How to Perform Full-fledged RAG for Any Website Using Firecrawl and Korvus

vandriichuk This loop allows users to input queries and recei 5be7d9db 2208 4b10 95f7 376f314b0ac1 2 How to Perform Full-fledged RAG for Any Website Using Firecrawl and Korvus

We are excited to present a detailed guide on using the power of RAG (Retrieval Augmented Generation) from Korvus in combination with Firecrawl. This combination allows you to quickly and easily set up a generation system with enhanced search capabilities using data from any website. Our approach demonstrates how to combine efficient web scraping, data processing, and modern machine learning methods in one elegant solution.

What You’ll Learn from This Guide:

  1. How to use Firecrawl for efficient and structured web content collection (we’ll be using our blog as an example)
  2. How to process and index the collected data using Korvus’s powerful Pipeline and Collection tools
  3. How to perform vector search, text generation, and reranking (RAG) within a single query, using modern open-source models

Introduction to Key Tools

Firecrawl

Firecrawl is not just a web scraper, but a powerful tool that transforms websites into clean, structured markdown data. It’s an ideal solution for creating a robust and up-to-date knowledge base for RAG applications. Firecrawl automatically cleans the content, removing unnecessary elements and leaving only important information.

Korvus

Korvus is a versatile SDK for PostgresML, available in several programming languages: Python, JavaScript, Rust, and C. It handles all the complex work of document processing, vector search, and response generation, combining these processes into one efficient query. With Korvus, you can take advantage of all the benefits of in-database machine learning without needing to work directly with SQL or manage the database.

PostgresML

PostgresML is an in-database ML/AI engine developed by experienced machine learning engineers from Instacart. It allows you to train, test, and deploy machine learning models right inside Postgres. This means you can perform complex machine learning operations in the same place where your data is stored, significantly increasing efficiency and reducing infrastructure complexity.

These three tools together provide everything needed to deploy a flexible and powerful RAG stack based on web data. The key advantage of this approach is that your data is stored right where inference is performed. This eliminates the need for a separate vector database or additional frameworks like LlamaIndex or Langchain to combine all components. As we like to say: “The fewer microservices, the fewer problems.”

Getting Started

Before we dive into the code, you’ll need to set up a few important elements. To work with our system, you need to set two key environment variables: FIRECRAWL_API_KEY and KORVUS_DATABASE_URL.

  1. To obtain FIRECRAWL_API_KEY, register at firecrawl.dev. This key will provide you access to Firecrawl’s powerful web scraping capabilities.
  2. As for KORVUS_DATABASE_URL, you have two options:
    • The easiest way is to sign up at postgresml.org. There you’ll get a ready-to-use database with all necessary extensions already installed.
    • For those who prefer more control, you can deploy your own postgres instance with pgml and pgvector extensions installed. This will require a bit more setup but will give you full control over your environment.

Detailed Code Breakdown

Now let’s dive into the code and examine each step of the process in more detail.

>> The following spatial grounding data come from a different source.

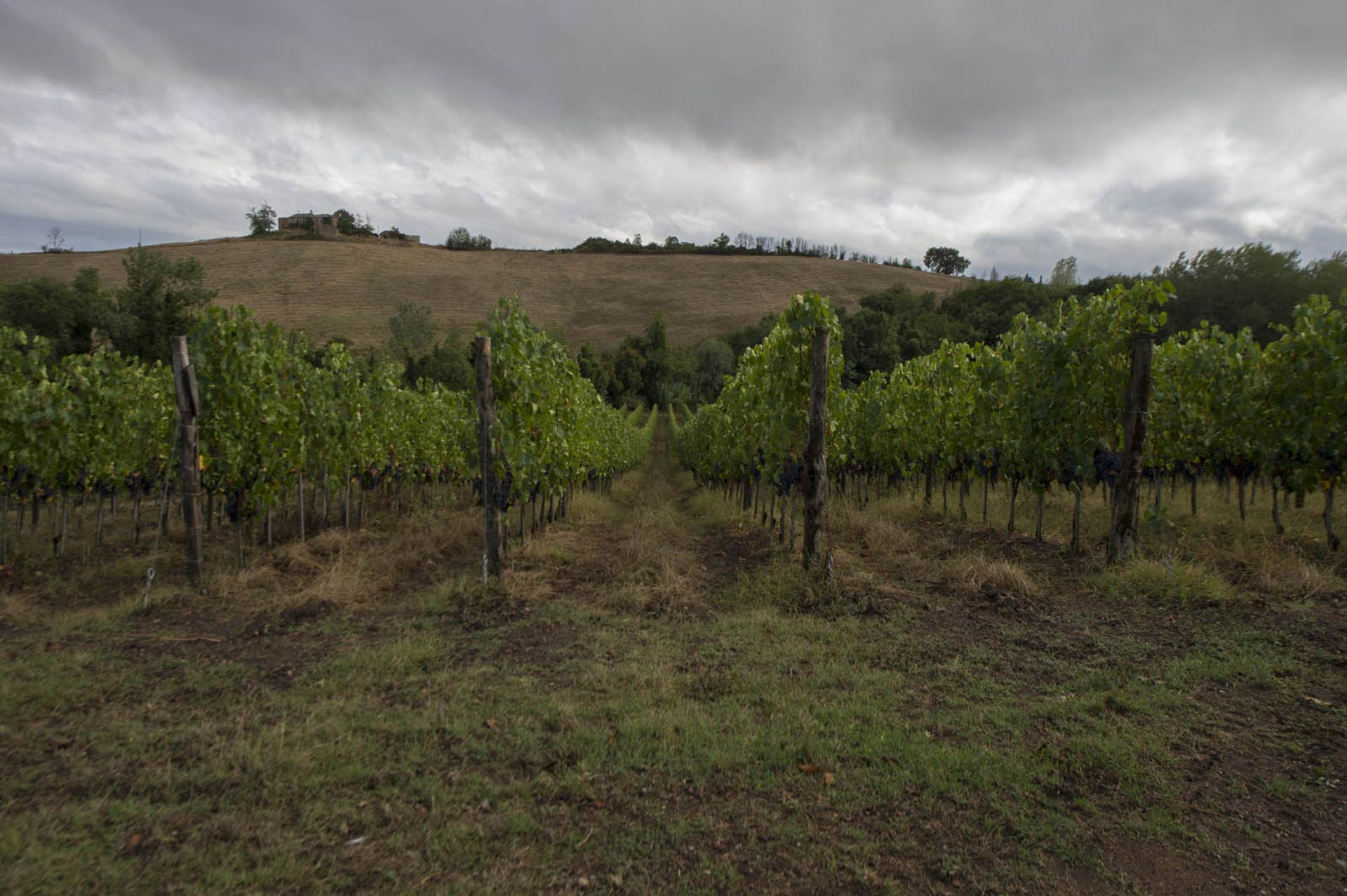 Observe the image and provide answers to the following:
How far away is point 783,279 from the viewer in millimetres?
82000

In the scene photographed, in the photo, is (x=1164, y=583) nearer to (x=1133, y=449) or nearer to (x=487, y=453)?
(x=1133, y=449)

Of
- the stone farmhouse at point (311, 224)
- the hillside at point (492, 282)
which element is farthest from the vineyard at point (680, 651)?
the stone farmhouse at point (311, 224)

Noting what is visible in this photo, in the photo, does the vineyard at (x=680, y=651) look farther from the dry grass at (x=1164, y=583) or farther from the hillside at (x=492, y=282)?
the hillside at (x=492, y=282)

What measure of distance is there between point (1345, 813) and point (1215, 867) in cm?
87

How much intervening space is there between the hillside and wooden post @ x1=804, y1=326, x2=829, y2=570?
162ft

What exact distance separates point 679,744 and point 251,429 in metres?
7.07

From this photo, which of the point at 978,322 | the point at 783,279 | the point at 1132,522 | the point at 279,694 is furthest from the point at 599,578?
the point at 783,279

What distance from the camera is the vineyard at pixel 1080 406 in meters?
8.04

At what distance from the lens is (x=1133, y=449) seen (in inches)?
283

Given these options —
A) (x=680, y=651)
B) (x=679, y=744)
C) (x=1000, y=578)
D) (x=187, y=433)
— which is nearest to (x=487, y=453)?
(x=187, y=433)

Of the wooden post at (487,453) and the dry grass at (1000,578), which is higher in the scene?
the wooden post at (487,453)

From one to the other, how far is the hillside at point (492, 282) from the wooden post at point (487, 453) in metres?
48.0

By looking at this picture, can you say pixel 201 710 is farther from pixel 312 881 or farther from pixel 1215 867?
pixel 1215 867

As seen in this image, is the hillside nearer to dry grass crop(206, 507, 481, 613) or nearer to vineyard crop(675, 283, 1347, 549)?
dry grass crop(206, 507, 481, 613)
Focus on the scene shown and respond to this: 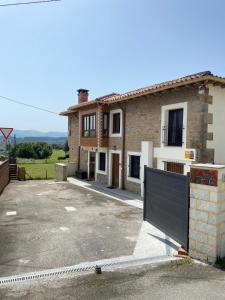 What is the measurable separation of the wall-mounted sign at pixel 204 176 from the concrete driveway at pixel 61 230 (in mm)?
2484

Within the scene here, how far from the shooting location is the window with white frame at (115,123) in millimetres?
17712

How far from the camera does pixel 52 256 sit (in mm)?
6867

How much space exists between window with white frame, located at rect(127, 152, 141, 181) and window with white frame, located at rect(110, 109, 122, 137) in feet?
5.99

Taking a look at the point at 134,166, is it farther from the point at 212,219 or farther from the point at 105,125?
the point at 212,219

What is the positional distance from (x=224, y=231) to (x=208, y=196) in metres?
0.88

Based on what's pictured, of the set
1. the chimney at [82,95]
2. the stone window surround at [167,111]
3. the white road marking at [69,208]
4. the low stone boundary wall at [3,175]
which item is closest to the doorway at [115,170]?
the stone window surround at [167,111]

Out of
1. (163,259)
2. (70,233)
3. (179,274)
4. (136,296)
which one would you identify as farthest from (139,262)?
(70,233)

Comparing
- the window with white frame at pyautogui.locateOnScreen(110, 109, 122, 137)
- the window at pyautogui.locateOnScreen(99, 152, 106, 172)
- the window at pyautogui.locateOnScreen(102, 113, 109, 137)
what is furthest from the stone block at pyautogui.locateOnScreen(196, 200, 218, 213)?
the window at pyautogui.locateOnScreen(99, 152, 106, 172)

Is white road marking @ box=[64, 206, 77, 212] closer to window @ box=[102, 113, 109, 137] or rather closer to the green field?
window @ box=[102, 113, 109, 137]

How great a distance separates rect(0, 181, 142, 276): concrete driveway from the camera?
6.77 m

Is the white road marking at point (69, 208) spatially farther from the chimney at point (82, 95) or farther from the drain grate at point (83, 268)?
the chimney at point (82, 95)

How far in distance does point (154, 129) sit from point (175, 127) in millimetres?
1413

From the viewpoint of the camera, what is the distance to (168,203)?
309 inches

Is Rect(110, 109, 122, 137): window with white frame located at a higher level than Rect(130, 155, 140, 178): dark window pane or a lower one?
higher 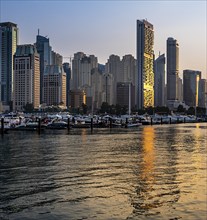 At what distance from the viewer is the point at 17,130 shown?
8800 cm

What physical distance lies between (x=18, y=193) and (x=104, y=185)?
5116 millimetres

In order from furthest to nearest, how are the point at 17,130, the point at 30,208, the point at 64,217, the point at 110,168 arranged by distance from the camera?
the point at 17,130 → the point at 110,168 → the point at 30,208 → the point at 64,217

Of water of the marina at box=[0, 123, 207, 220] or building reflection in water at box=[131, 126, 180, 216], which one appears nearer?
water of the marina at box=[0, 123, 207, 220]

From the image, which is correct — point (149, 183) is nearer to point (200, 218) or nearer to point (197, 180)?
point (197, 180)

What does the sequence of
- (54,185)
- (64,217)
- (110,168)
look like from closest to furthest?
(64,217), (54,185), (110,168)

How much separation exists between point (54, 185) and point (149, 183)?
5674 mm

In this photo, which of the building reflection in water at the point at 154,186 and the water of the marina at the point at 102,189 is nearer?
the water of the marina at the point at 102,189

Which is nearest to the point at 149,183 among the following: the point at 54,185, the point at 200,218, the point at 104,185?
the point at 104,185

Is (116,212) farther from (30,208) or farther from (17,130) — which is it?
(17,130)

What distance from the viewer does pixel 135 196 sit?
67.4 feet

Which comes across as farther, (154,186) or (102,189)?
(154,186)

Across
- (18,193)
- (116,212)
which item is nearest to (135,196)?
(116,212)

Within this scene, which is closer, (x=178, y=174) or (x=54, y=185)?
(x=54, y=185)

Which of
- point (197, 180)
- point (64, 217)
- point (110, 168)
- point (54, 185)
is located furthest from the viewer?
point (110, 168) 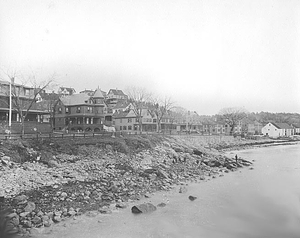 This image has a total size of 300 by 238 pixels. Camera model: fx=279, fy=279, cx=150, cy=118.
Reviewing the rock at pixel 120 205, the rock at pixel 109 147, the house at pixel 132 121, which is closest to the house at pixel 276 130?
the house at pixel 132 121

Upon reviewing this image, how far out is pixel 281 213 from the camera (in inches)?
559

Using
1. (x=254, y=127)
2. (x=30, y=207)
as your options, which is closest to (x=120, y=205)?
(x=30, y=207)

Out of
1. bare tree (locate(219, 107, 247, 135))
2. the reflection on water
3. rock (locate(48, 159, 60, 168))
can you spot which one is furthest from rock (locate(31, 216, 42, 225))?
bare tree (locate(219, 107, 247, 135))

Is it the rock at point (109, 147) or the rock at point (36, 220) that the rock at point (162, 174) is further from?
the rock at point (36, 220)

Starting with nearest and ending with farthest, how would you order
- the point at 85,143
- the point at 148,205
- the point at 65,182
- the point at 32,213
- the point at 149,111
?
1. the point at 32,213
2. the point at 148,205
3. the point at 65,182
4. the point at 85,143
5. the point at 149,111

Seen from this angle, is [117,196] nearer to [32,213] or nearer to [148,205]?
[148,205]

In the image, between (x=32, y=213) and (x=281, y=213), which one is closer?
(x=32, y=213)

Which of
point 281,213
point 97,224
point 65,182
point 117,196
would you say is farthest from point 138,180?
point 281,213

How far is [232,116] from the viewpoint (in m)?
82.6

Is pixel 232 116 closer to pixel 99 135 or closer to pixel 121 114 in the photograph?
pixel 121 114

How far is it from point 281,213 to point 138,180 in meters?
8.97

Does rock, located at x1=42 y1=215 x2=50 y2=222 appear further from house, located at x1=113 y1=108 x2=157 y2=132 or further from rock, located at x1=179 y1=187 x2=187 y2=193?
house, located at x1=113 y1=108 x2=157 y2=132

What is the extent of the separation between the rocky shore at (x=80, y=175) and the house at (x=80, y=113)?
1460 centimetres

1. Import and Initialization

We’ll start by importing the necessary libraries and initializing our Firecrawl application:

from korvus import Collection, Pipeline
from firecrawl import FirecrawlApp
import os, time, asyncio
from rich import print

firecrawl = FirecrawlApp(api_key=os.environ["FIRECRAWL_API_KEY"])
Python

Here we import key components from Korvus and Firecrawl, as well as some standard Python libraries. Note the use of the rich library for enhanced console output. We initialize the Firecrawl application using the API key stored in an environment variable.

2. Defining Pipeline and Collection

The next step is setting up our data processing pipeline and collection:

pipeline = Pipeline(
    "v0",
    {
        "markdown": {
            "splitter": {"model": "markdown"},
            "semantic_search": {
                "model": "mixedbread-ai/mxbai-embed-large-v1",
            },
        },
    },
)
collection = Collection("fire-crawl-demo-v0")

async def add_pipeline():
    await collection.add_pipeline(pipeline)
Python

Here we define the structure of our pipeline. We specify that we’ll be working with markdown content, using a special markdown splitter and the mixedbread-ai/mxbai-embed-large-v1 model for semantic search. This configuration tells Korvus how to process our documents.

We also create a collection named “fire-crawl-demo-v0” and define an asynchronous function to add our pipeline to this collection.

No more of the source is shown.